### WHAT YOU HAVE TO DO
Give back exactly the lines from the start of the entries below to the line holding "1 Color) LD", that line included, and leave every picture out.

[Stored records]
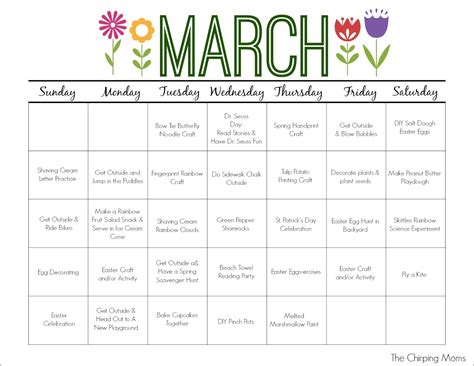 March April Calendar Events 1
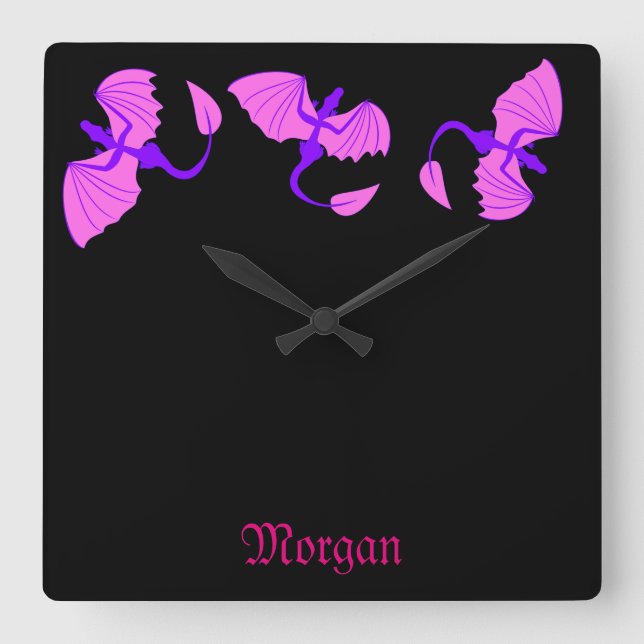 Carrée Horloge de dragon violet (Recto)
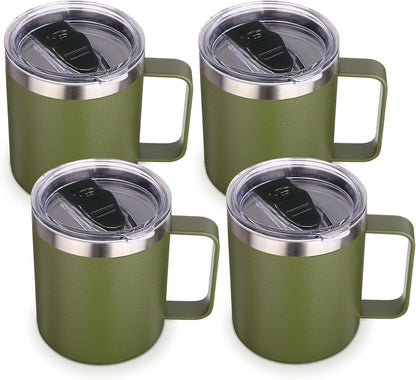 Volhoply 14oz Insulated Stainless Steel Coffee Mug with Leakproof Lid,Double Wall Vacuum Travel Coffee Cup with Handle,Reusable Cups Tumbler,Camping Mugs Keep Hot,Ideal Gifts(Purple Green,1)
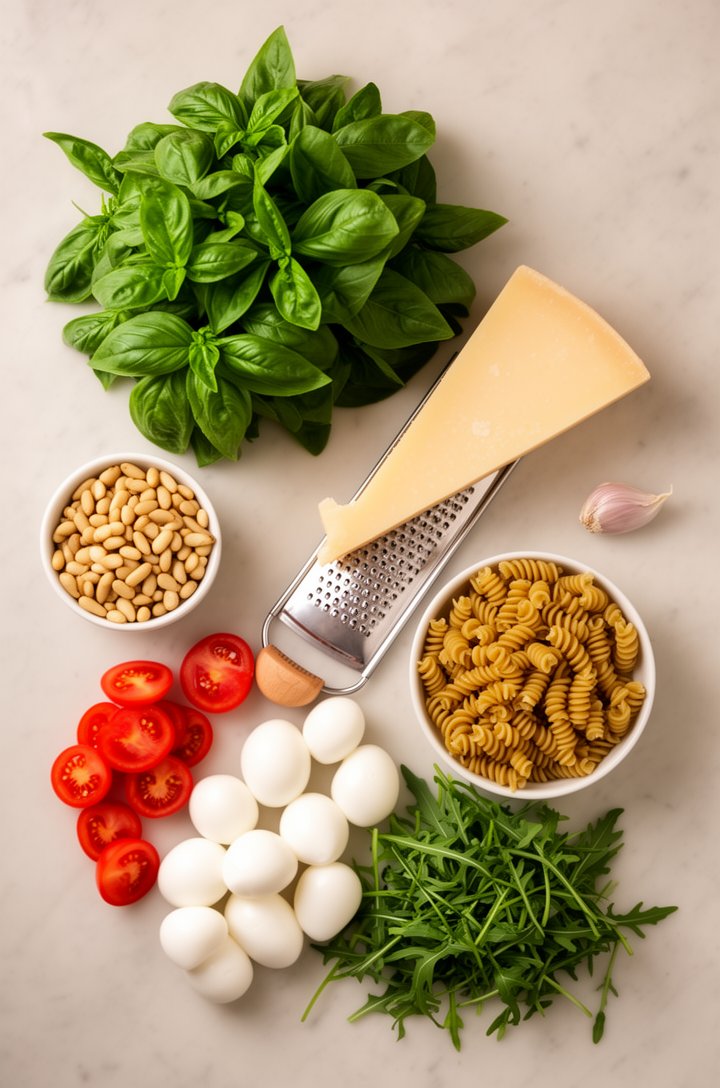 Overhead flat-lay of pesto pasta salad ingredients arranged on a light marble surface — a mound of fresh green basil leaves, a small bowl of golden toasted pine nuts, a wedge of parmesan with a grater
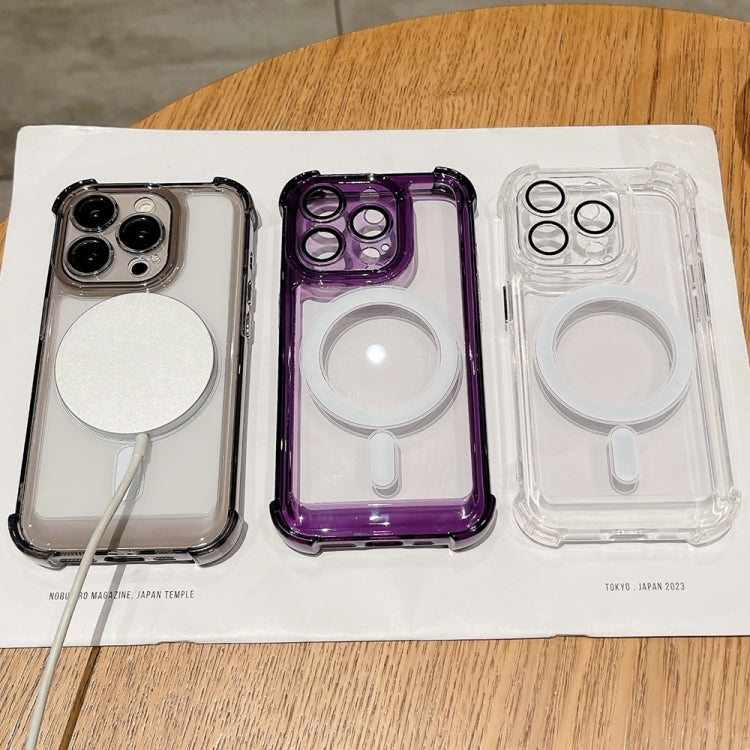 For iPhone 14 Plus Clear Acrylic + TPU MagSafe Magnetic Phone Case(Purple) by buy2fix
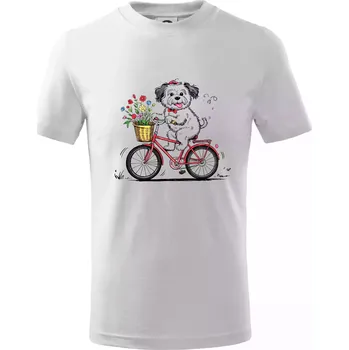 Havanský psík na kole - Tričko dětské bavlněné - 98 cm / 2 roky ( Bílá )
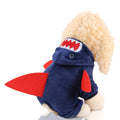 Cute baby wearing plush shark dog and cat costumes for Halloween and Christmas pretend play, featuring colorful flannel designs.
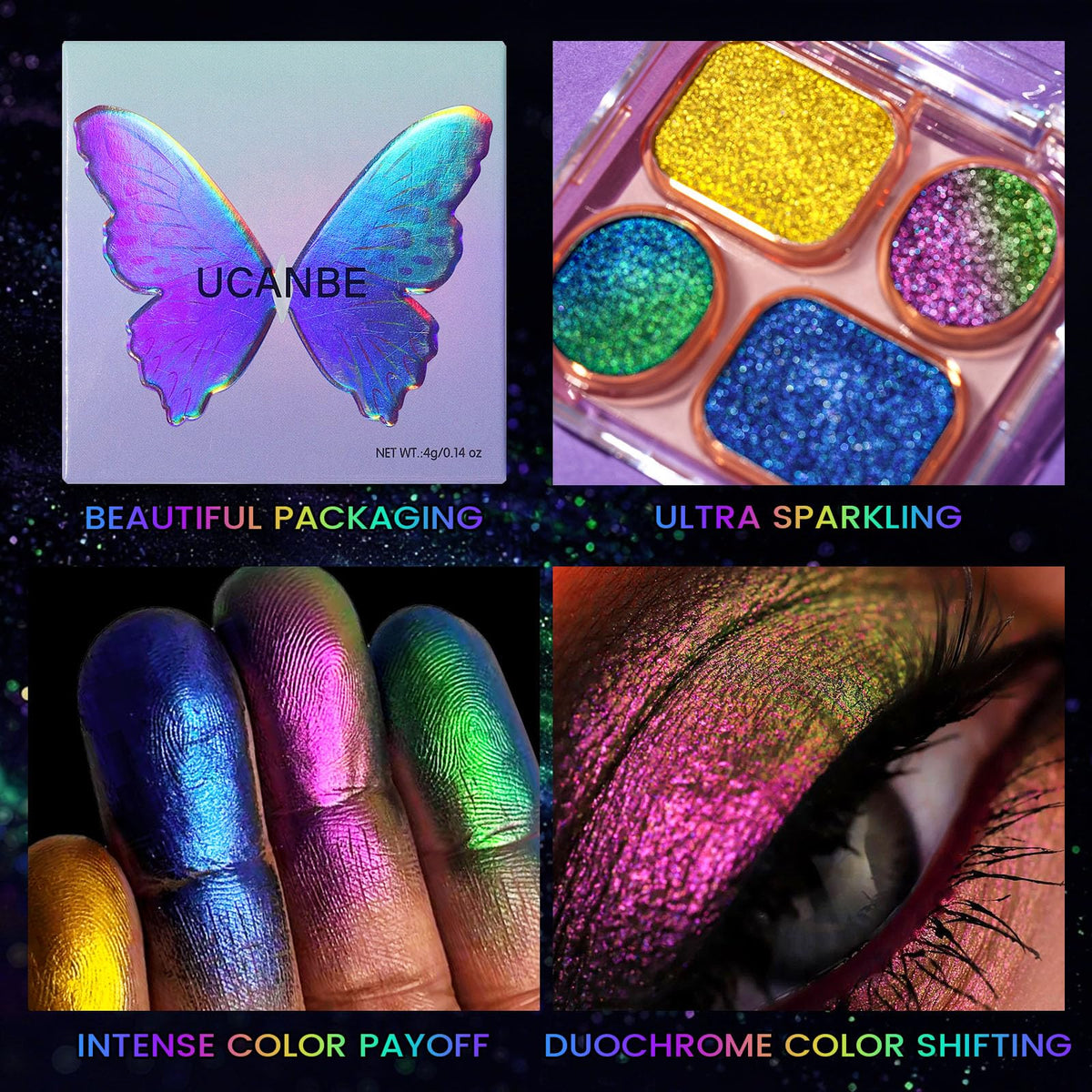 Multichrome Chameleon Eyeshadow Makeup Palette J50895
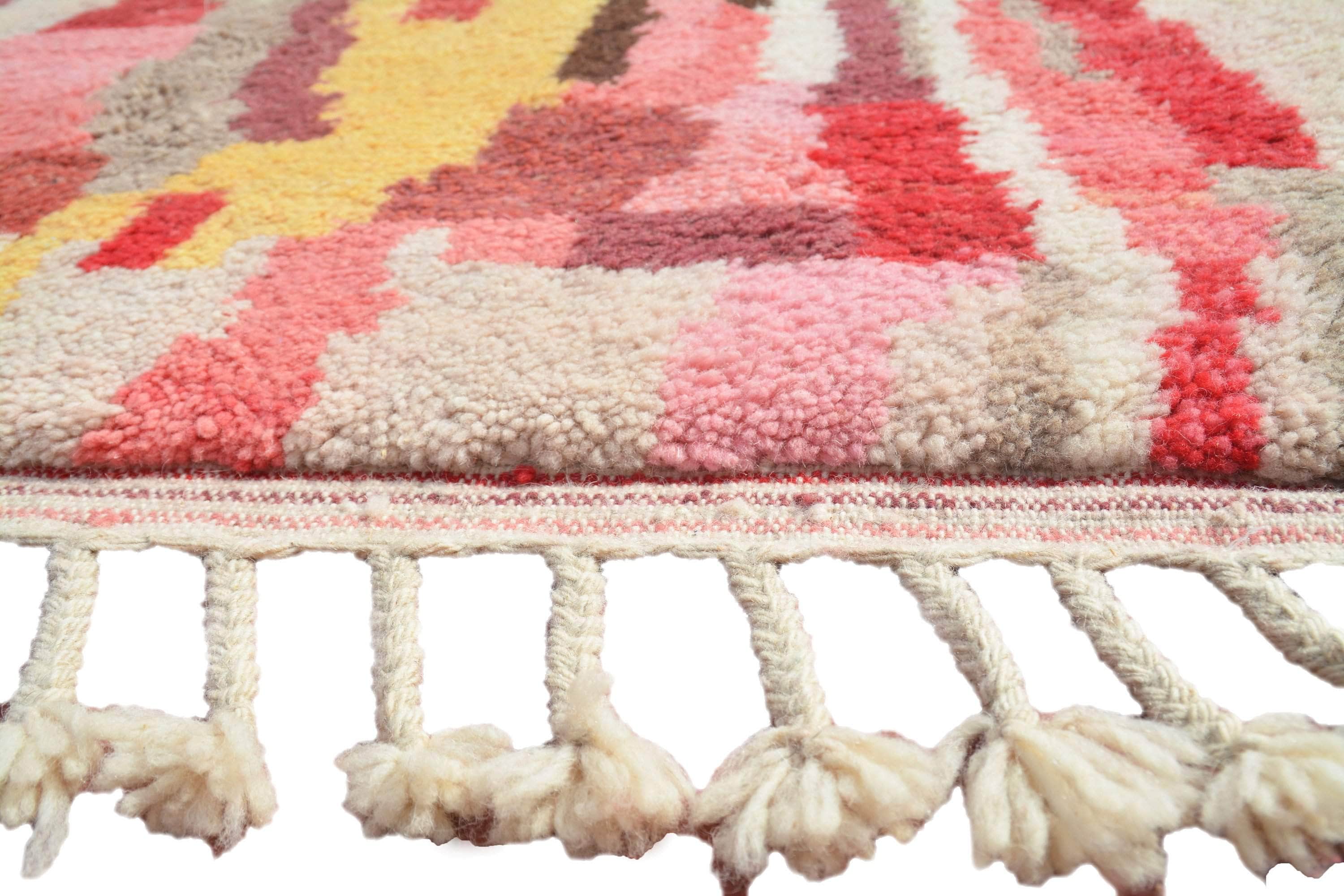 Red And Pink Rug- New Moroccan Rug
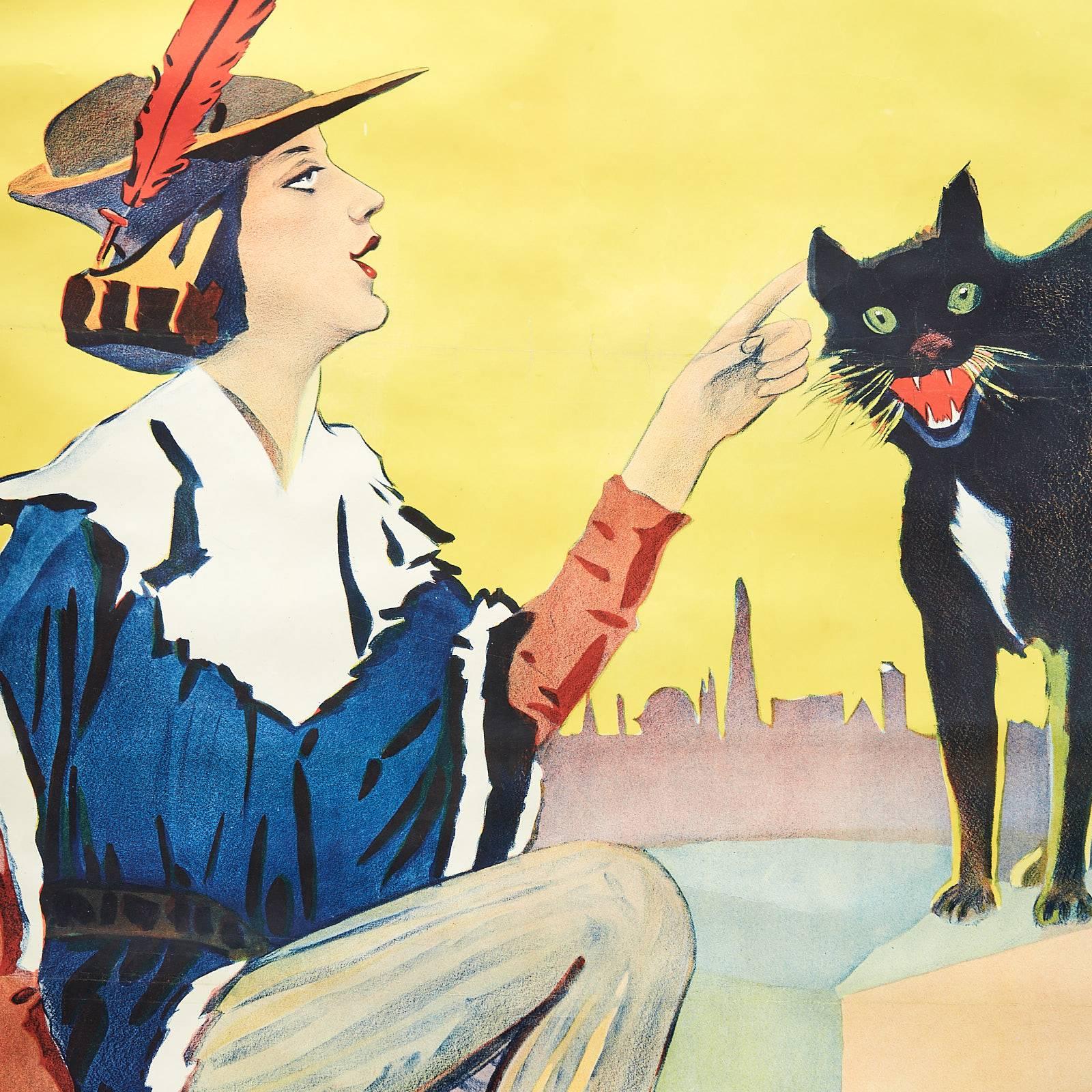 Cartel de la pantomima Dick Whittington Eduardiano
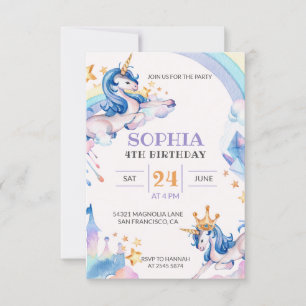 Invitation Aquarelle Unicorne Anniversaire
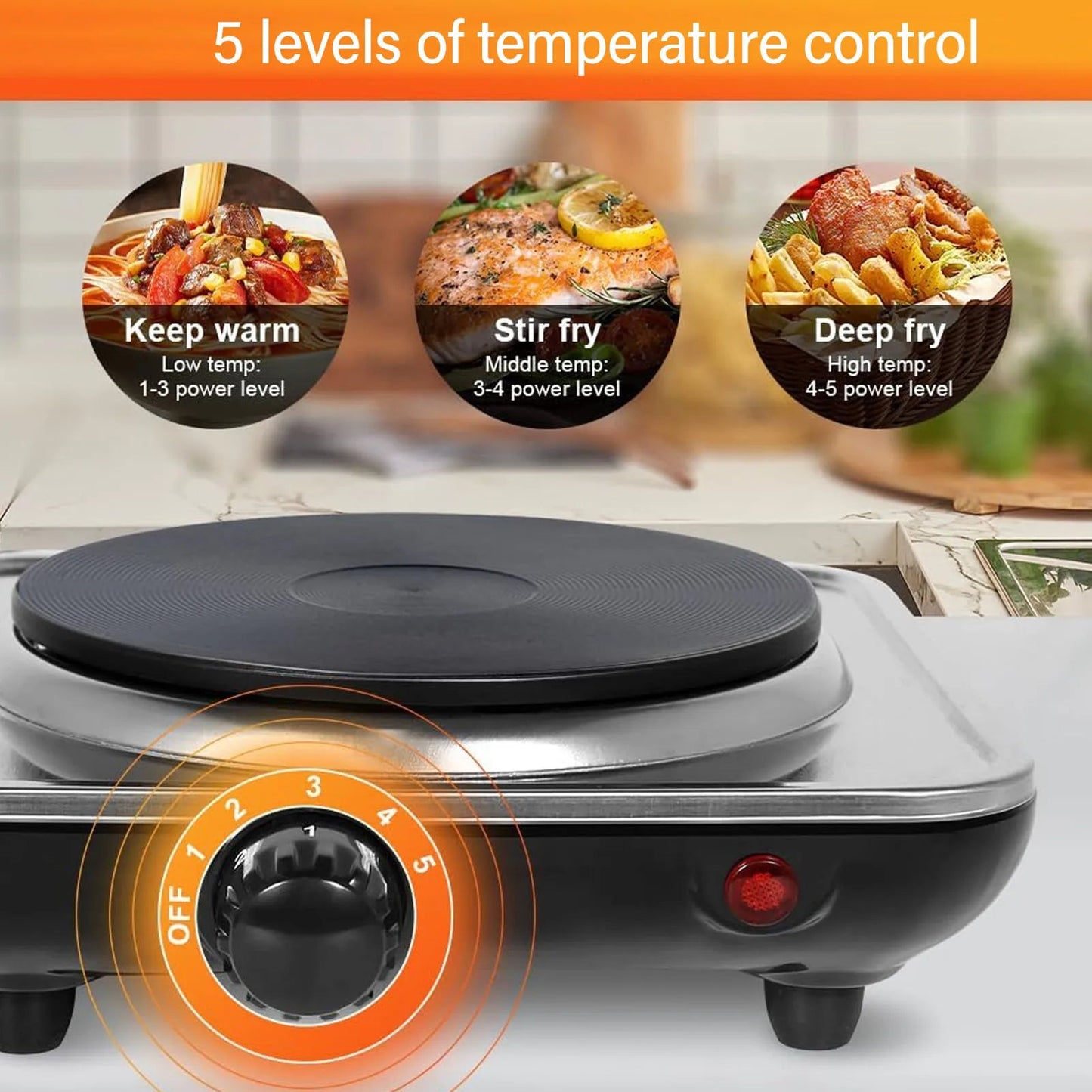 1000W Electric Countertop Single Burner 5 Level Temperature Control Hot Plate for Cooking Stainless Steel Base 220V Techelectronicx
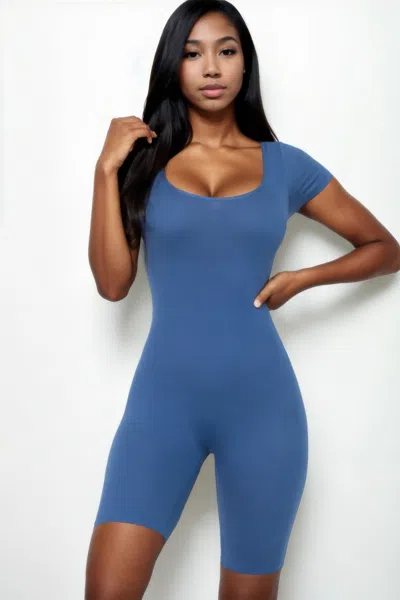 Fashnzfab Women's Short Sleeve Scoop Neck Bodycon Romper In Blue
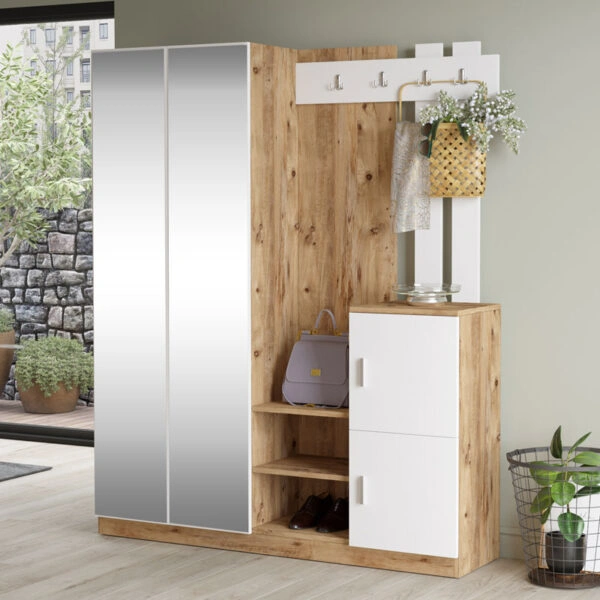 Έπιπλο εισόδου Doorse  μελαμίνης λευκό-oak 147.5x35x180εκ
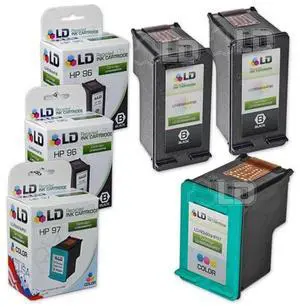 LD © Remanufactured Replacement Ink Cartridges for Hewlett Packard (HP) C8767WN (HP 96) Black and C9363WN (HP 97) Color (2 Black and 1 Color) LD © Remanufactured Replacement Ink Cartridges for Hewlett Packard (HP) C8767WN (HP 96) Black and C9363WN (HP 97) Color (2 Black and 1 Color)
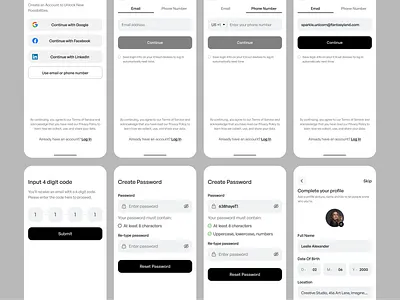 Onboarding Flow UI app design authentication design system minimal ui mobile app mobile ui onboarding product design ui uiux user flow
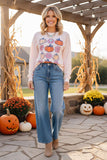 Western Halloween pumpkin & flower women's boutique blouse BQ16056 (BS9)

### REPLY
 March April Calendar Events 1
 Carrée Horloge de dragon violet (Recto)
 Volhoply 14oz Insulated Stainless Steel Coffee Mug with Leakproof Lid,Double Wall Vacuum Travel Coffee Cup with Handle,Reusable Cups Tumbler,Camping Mugs Keep Hot,Ideal Gifts(Purple Green,1)
 Overhead flat-lay of pesto pasta salad ingredients arranged on a light marble surface — a mound of fresh green basil leaves, a small bowl of golden toasted pine nuts, a wedge of parmesan with a grater
 For iPhone 14 Plus Clear Acrylic + TPU MagSafe Magnetic Phone Case(Purple) by buy2fix
 Havanský psík na kole - Tričko dětské bavlněné - 98 cm / 2 roky ( Bílá )
 Cute baby wearing plush shark dog and cat costumes for Halloween and Christmas pretend play, featuring colorful flannel designs.
 Multichrome Chameleon Eyeshadow Makeup Palette J50895
 Red And Pink Rug- New Moroccan Rug
 Cartel de la pantomima Dick Whittington Eduardiano
 Invitation Aquarelle Unicorne Anniversaire
 1000W Electric Countertop Single Burner 5 Level Temperature Control Hot Plate for Cooking Stainless Steel Base 220V Techelectronicx
 Fashnzfab Women's Short Sleeve Scoop Neck Bodycon Romper In Blue
 Έπιπλο εισόδου Doorse  μελαμίνης λευκό-oak 147.5x35x180εκ
 LD © Remanufactured Replacement Ink Cartridges for Hewlett Packard (HP) C8767WN (HP 96) Black and C9363WN (HP 97) Color (2 Black and 1 Color) LD © Remanufactured Replacement Ink Cartridges for Hewlett Packard (HP) C8767WN (HP 96) Black and C9363WN (HP 97) Color (2 Black and 1 Color)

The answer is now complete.